As you take on the criminal organizations of Hotline Miami you’ll quickly learn the ropes of its brutal combat system. Smashing, stabbing, dismembering, scalding, and crushing are all fair play, and that is before you even pick up a gun! By the time you finish a level, it will look like a 16-bit Jackson Pollack painting made of corpses. Much of that blood spilled could be your own, however, as the game has a pretty hefty difficulty curve. Similar to titles like Super Meat Boy, you’ll experience numerous deaths by trial and error until you’ve choreographed the perfect crime scene. Luckily Dennaton has captured the “instant respawn” rhythm and things never feel tiresome or frustrating.
On the subject of rhythm, this game has one of the single best soundtracks I’ve heard in years. If you’ve ever loved a keyboard solo, you owe it to yourself to listen to the OST. The music perfectly sets the mood in between missions with grungy bass lines and odd effects, and delivers pulsing beats and hypnotic loops during missions while you complete your grim tasks. It adds an extra layer of grimy audio and reinforces just how filthy and dark the game world feels.

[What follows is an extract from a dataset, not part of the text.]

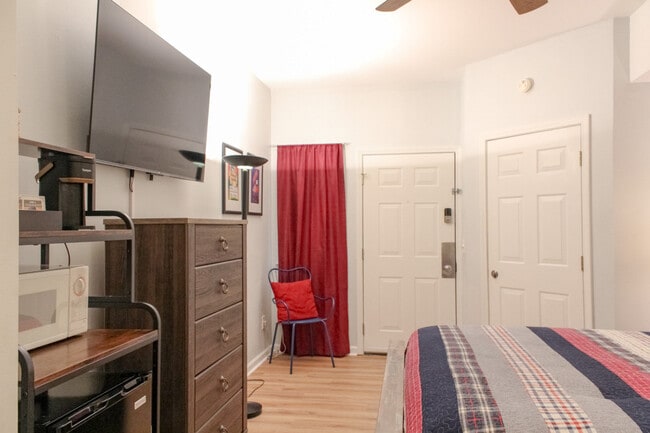 Building Photo - 205 Royal Poste Rd Unit SI ID1322125P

I can’t say enough good things about Hotline Miami in this short write up. It’s a simply a great game. It manages to perfectly capture an old school vibe in the dark and unsettling world Dennaton has created to encapsulate the story they tell. Anyone with a PC (gamepad highly recommended), PS3, or Vita that appreciates modern games rooted in classic sensibilities should download this game as soon as possible and give it a try, even if it’s only to hear one of the best video game soundtracks of the past five years.